- Data shown:
=======
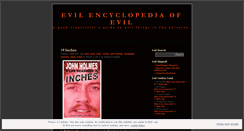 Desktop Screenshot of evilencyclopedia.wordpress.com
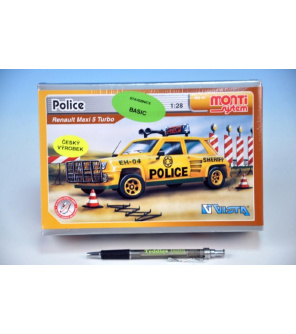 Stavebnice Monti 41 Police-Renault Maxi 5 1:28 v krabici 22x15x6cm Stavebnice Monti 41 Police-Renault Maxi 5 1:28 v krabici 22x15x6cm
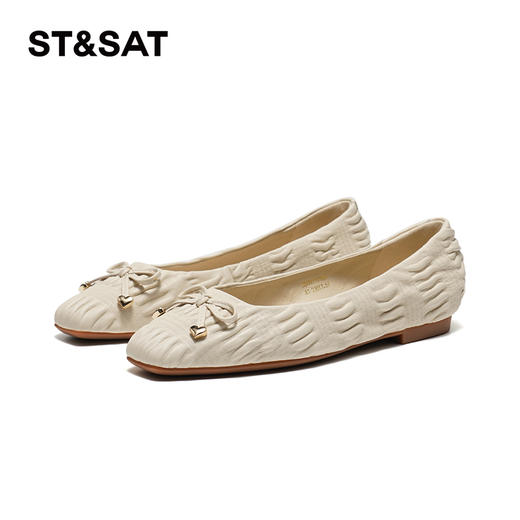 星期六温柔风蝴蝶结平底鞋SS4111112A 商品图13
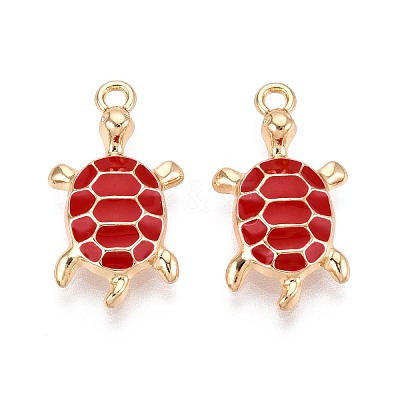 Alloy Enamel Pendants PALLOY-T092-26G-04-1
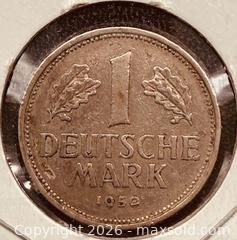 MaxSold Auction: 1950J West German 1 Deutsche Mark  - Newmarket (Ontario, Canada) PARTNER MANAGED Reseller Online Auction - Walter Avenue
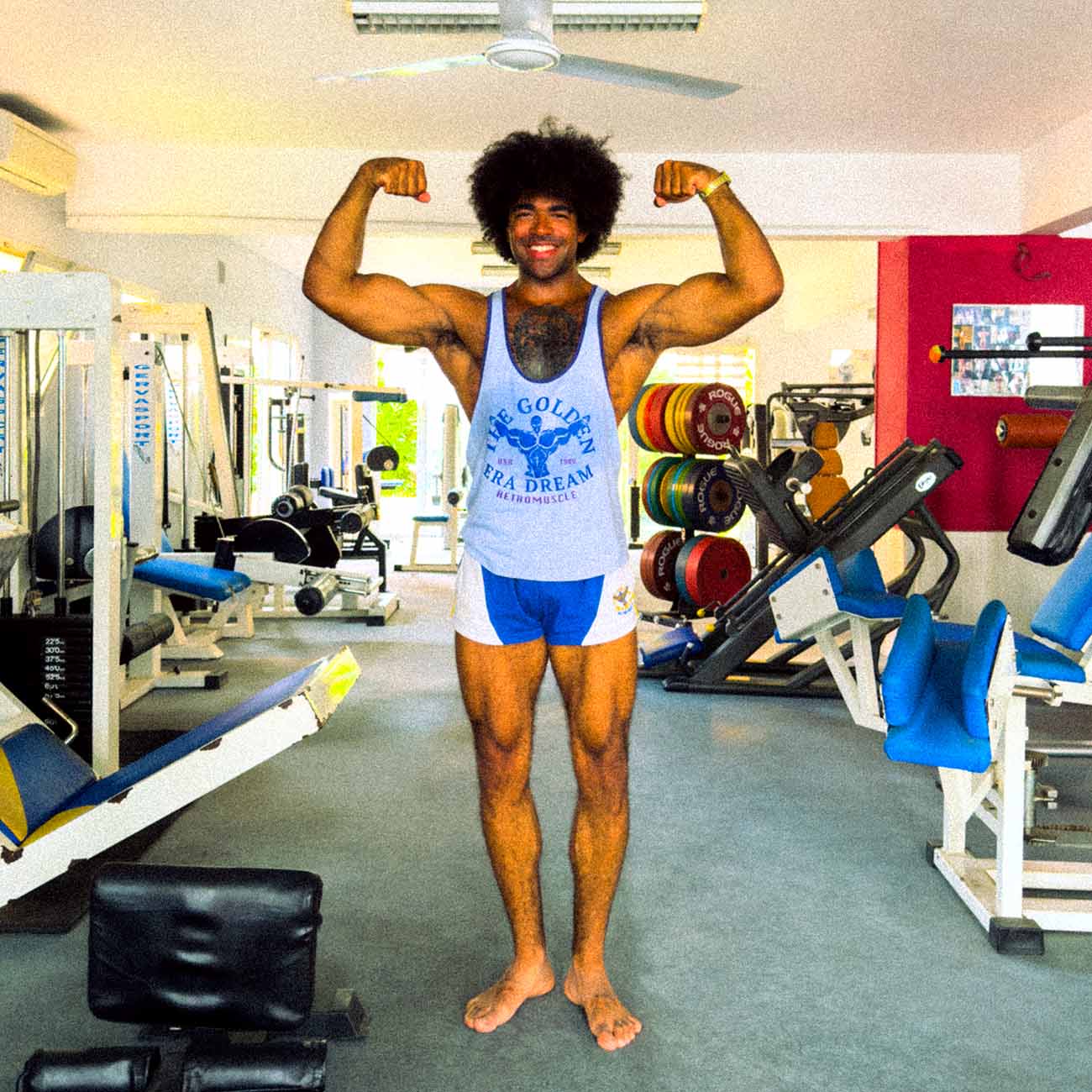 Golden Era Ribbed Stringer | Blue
=======
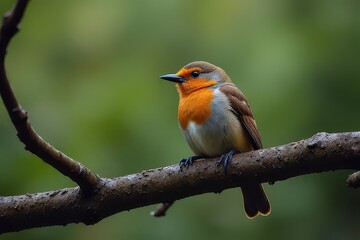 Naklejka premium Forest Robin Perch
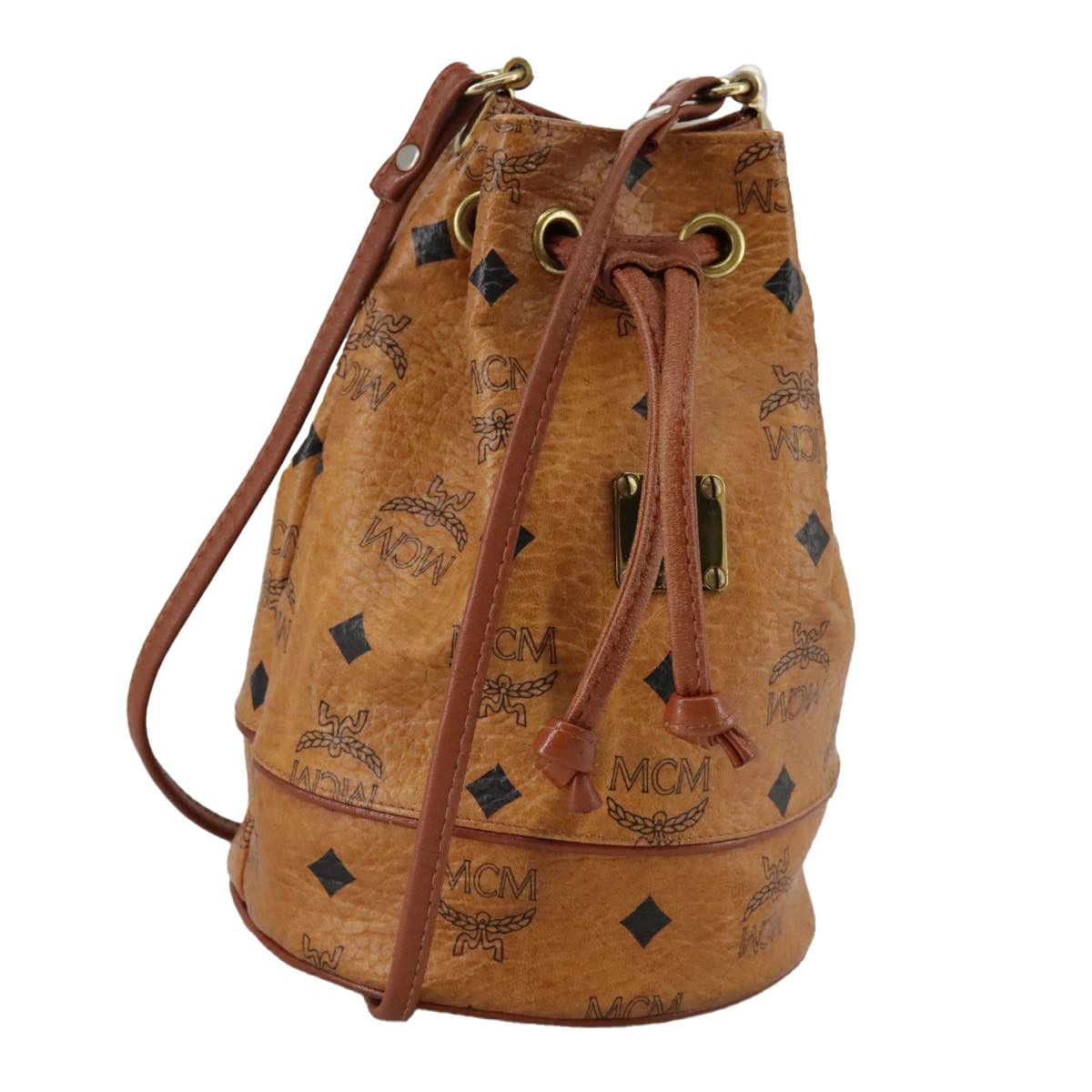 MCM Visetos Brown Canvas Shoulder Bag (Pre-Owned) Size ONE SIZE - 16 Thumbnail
=======
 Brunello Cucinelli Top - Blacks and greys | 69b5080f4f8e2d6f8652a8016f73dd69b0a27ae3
=======
- Assigned task: The result should be an exact copy of only the lines above from the one that holds "Desktop Screenshot of" through the one that holds "Golden Era Ribbed Stringer | Blue", both ends included, without pictures.

- Task solution:
 Desktop Screenshot of evilencyclopedia.wordpress.com
 Stavebnice Monti 41 Police-Renault Maxi 5 1:28 v krabici 22x15x6cm Stavebnice Monti 41 Police-Renault Maxi 5 1:28 v krabici 22x15x6cm
 星期六温柔风蝴蝶结平底鞋SS4111112A 商品图13
 Alloy Enamel Pendants PALLOY-T092-26G-04-1
 MaxSold Auction: 1950J West German 1 Deutsche Mark  - Newmarket (Ontario, Canada) PARTNER MANAGED Reseller Online Auction - Walter Avenue
 Golden Era Ribbed Stringer | Blue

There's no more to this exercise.